Sofia/Berlin (dpa/AFP/taz) – Der neue bulgarische Staatspräsident Petar Stojanow hat gestern in Sofia nach einer Militärzeremonie offiziell sein Amt angetreten. Damit ist er laut Verfassung auch Oberbefehlshaber der Streitkräfte. Die Übernahme des Amtes von seinem Vorgänger Schelju Schelew fand elf Tage nach den gewaltsamen Protestkundgebungen am Parlamentsgebäude in Sofia statt, die sich gegen die amtierende Regierung der Sozialisten (früher: Kommunisten) richteten.

Mehrere hundert Menschen versammelten sich vor dem Präsidialamt, um das neue Staatsoberhaupt zu begrüßen. „Stojanow“ und „Wahlsieg“ riefen sie in Anspielung auf die von der Opposition geforderten Parlamentsneuwahlen. Der Jurist Stojanow gehört wie sein Vorgänger Schelew dem oppositionellen Parteienbündnis Union der demokratischen Kräfte (SDS) an.

Der 44jährige Präsident versprach, noch in diesem Jahr Neuwahlen anzusetzen. Die Opposition verlangt Neuwahlen im Frühjahr. Die Sozialisten sind jedoch zur Abhaltung von Wahlen erst Ende des Jahres bereit. Regulär sind die nächsten Parlamentswahlen für Dezember 1998 angesetzt.

Der Staatspräsident hat in seiner fünfjährigen Amtszeit nur begrenzte Vollmachten. Dazu gehört nicht das Recht, das Parlament aufzulösen oder die Regierung zu entlassen.

Am Vorabend hatte sich Stojanow mit dem Vertreter des Internationalen Währungsfonds (IWF) in Bulgarien, Franek Rozwadowski, getroffen. Die wirtschaftliche Lage Bulgariens sei extrem schwierig und gefährlich, sagte Rozwadowski anschließend nach Angaben der Nachrichtenagentur BTA. Damit der IWF Bulgarien mit einem Kreditprogramm helfe, müsse es „einen nationalen Konsens“ über die künftige Wirtschaftspolitik geben.

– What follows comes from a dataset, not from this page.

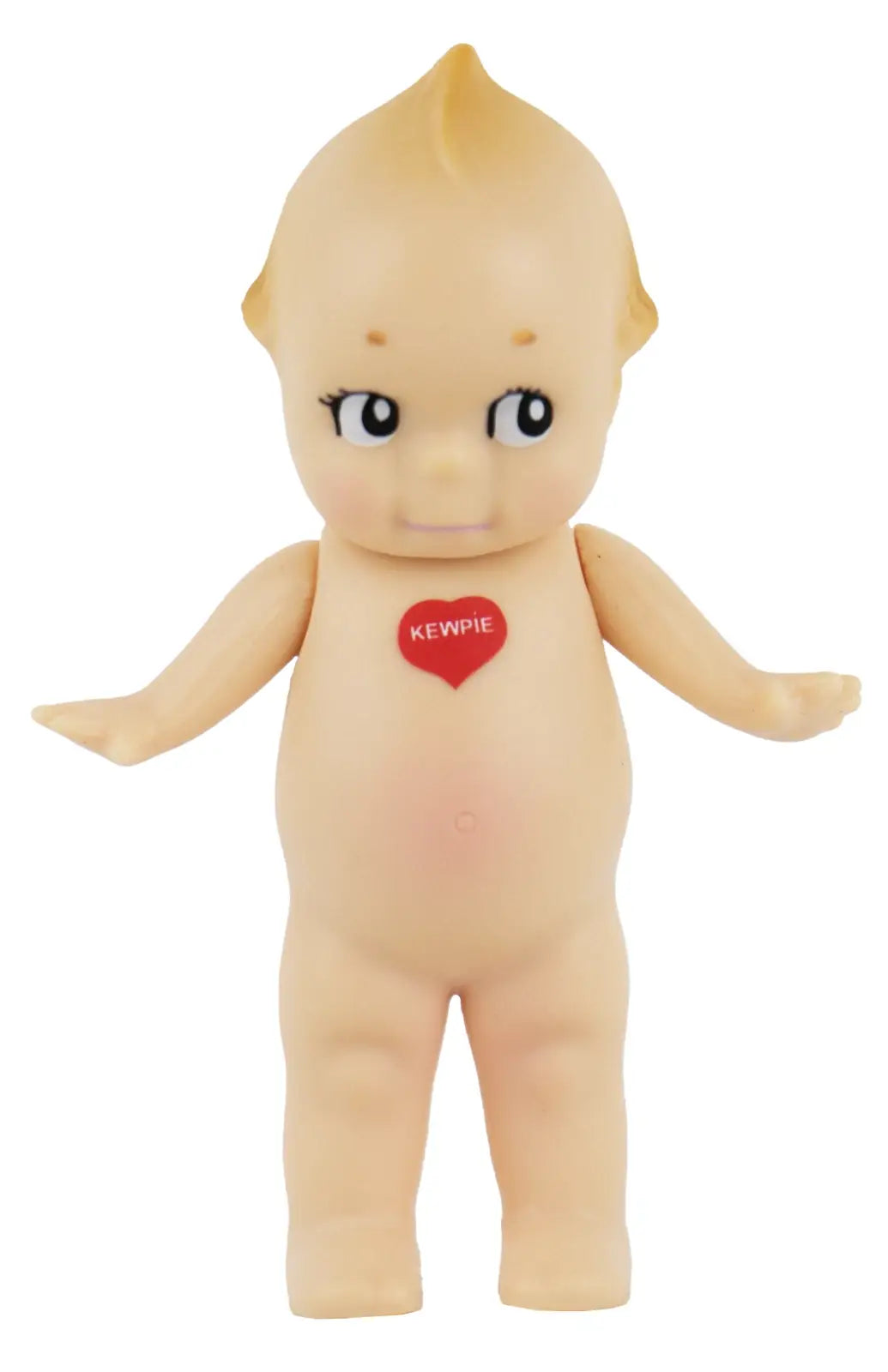 World's Smallest Kewpie - Rose O'Neill Miniature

Bei seiner Vereidigung am vergangenen Sonntag hatte sich Stoljanow ebenfalls für einen breiten Konsens aller maßgeblichen politischen Kräfte ausgesprochen, um die Probleme des Landes zu lösen. Angesichts der politischen Blockade in der Frage des Wahltermins wird jetzt in Sofia über die Bildungs einer Art Übergangsregierung der nationalen Einheit spekuliert, die zunächst zwei Monate im Amt bleiben soll. Vordringlichste Aufgabe: Verhandlungen mit dem IWF. Dieser dürfte an Gesprächen mit einer Delegation aus Sozialisten und Opposition schon allein deshalb interessiert sein, um nicht nach den Wahlen mit einer neuen Regierung alle Vereinbarungen neu aushandeln zu müssen.